Sragen (ANTARA News) - Sejumlah wali murid memrotes kebijakan Sekolah Menengah Pertama Negeri (SMPN) 1 Tangen, Kabupaten Sragen, Jawa Tengah, mengenai pungutan saat pengambilan laporan hasil belajar siswa.

"Kami memprotes karena tidak ada kesepakatan dengan orang tua mengenai adanya pungutan tersebut," kata seorang wali murid, Marijo, di Sragen, Sabtu.

Pungutan yang berjumlah Rp 35 ribu tersebut, lanjutnya, diumumkan melalui surat edaran yang diberikan oleh pihak sekolah kepada setiap wali murid.

"Dalam surat edaran yang ditandatangani kepala sekolah SMPN 1 Tangen, tertulis wali murid diwajibkan membayar Rp35 ribu untuk mengambil laporan hasil belajar putra-putrinya pada Sabtu (11/7)," katanya.

Pungutan yang menjadi syarat pengambilan laporan tersebut, lanjutnya, dinilai sebagai sesuatu yang memberatkan wali murid.

Kebijakan yang disampaikan awal pekan ini, lanjut Marijo, berlaku bagi siswa-siswa dari Kelas VII hingga kelas IX.

Senada dengan itu, seorang wali murid lainnya, Sumiyati mengatakan, protes tersebut muncul karena tahun-tahun sebelumnya belum pernah diberlakukan pungutan seperti itu.

"Kami tidak mengetahui alasan sekolah dalam melakukan pungutan ini karena kami tidak pernah diikutsertakan dalam rapat yang akhirnya memutuskan kebijakan ini," katanya.

Pada tahun-tahun sebelumnya, lanjutnya, pihak sekolah selalu memberikan pemberitahuan mengenai rencana pungutan-pungutan yang akan diminta kepada wali murid.

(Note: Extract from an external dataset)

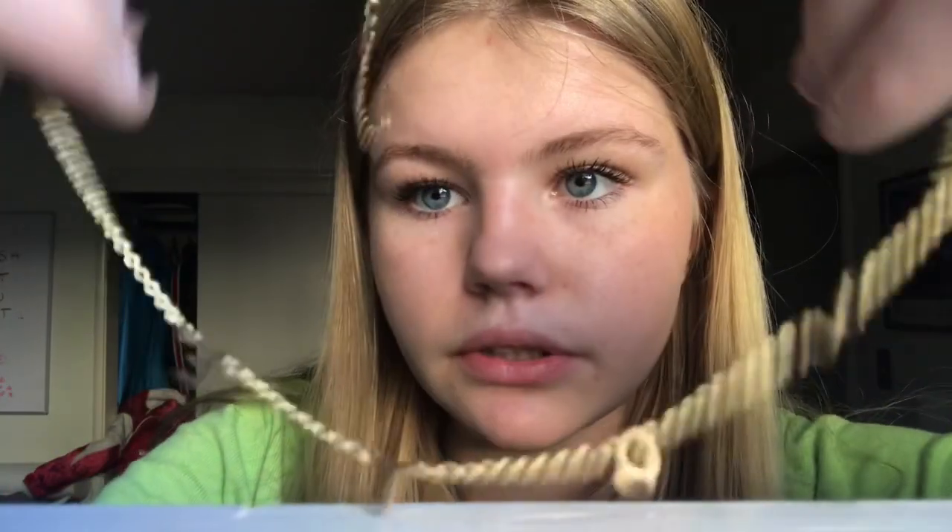And then the next thing my aunt got me — I really love this — she got me this gold necklace that says 'Vote.' Very cute, just a cute little gold necklace. I will definitely be wearing this a lot. And yeah, it's very important to use your voice, so please vote if you can.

"Pungutan yang diminta sekolah tanpa kesepakatan ini menimbulkan kecurigaan kalangan wali murid. Bahkan, pungutan tersebut dilakukan tanpa adanya kuitansi pembayaran," katanya.

Meskipun begitu, menurut Sumiyati, ketika hari pengambilan laporan hasil belajar para wali murid tidak dapat berbuat banyak karena mereka khawatir pihak sekolah akan memblokir laporan tersebut jika mereka tidak membayar pungutan tersebut.

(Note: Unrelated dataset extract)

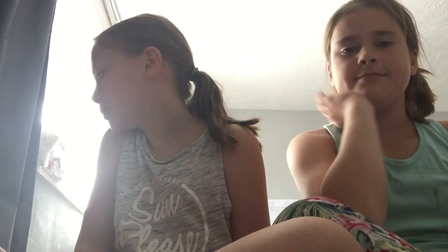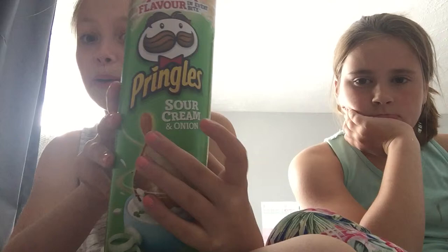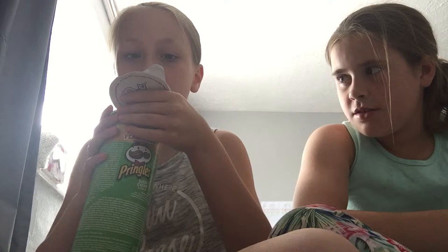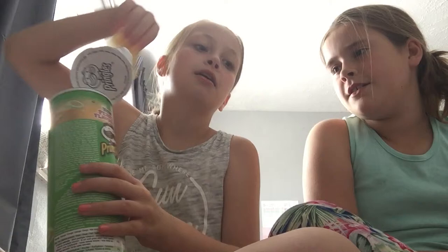First of all we're going to do Pringles. We have tried Pringles before but not the sour cream and onion ones. We're going to do it at the same time. It smells nice!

Sementara itu, Wakil Ketua Forum Masyarakat Sragen (Formas), Sri Wahono mengatakan, pihaknya mengecam keras sekolah yang memberlakukan pungutan tersebut.

"Selain memberatkan wali murid, kebijakan itu juga dinilai menyalahi amanat pemerintah yang melarang adanya pungutan bentuk apapun kepada siswa," katanya.

Dia mengatakan, pihaknya menuntut pengembalian uang yang dipungut dari para wali murid tersebut karena menurut pihaknya, operasional sekolah sudah dibantu melalui bantuan operasional sekolah (BOS).

Mengenai kebijakan pungutan tersebut, Kepala SMPN 1 Tangen, Sarpin mengatakan, pihaknya membenarkan adanya pungutan tersebut.

"Pungutan tersebut terpaksa dilakukan karena pihak sekolah terbebani dalam penyediaan dana pendamping sebesar Rp 27juta," katanya.

Menurutnya, dana pendamping yang dimaksudkan adalah 30 persen dari bantuan pengembangan perpustakaan dari pemerintah pusat sebesar Rp 90juta.

"Tanpa pungutan yang kami berlakukan kepada para wali murid, dana dari pemerintah pusat tersebut tidak bisa cair," katanya.

Menurut Sarpin, pungutan tersebut bukan sesuatu yang wajib dan tidak ada pemblokiran laporan hasil belajar siswa jika wali murid tidak membayar pungutan tersebut.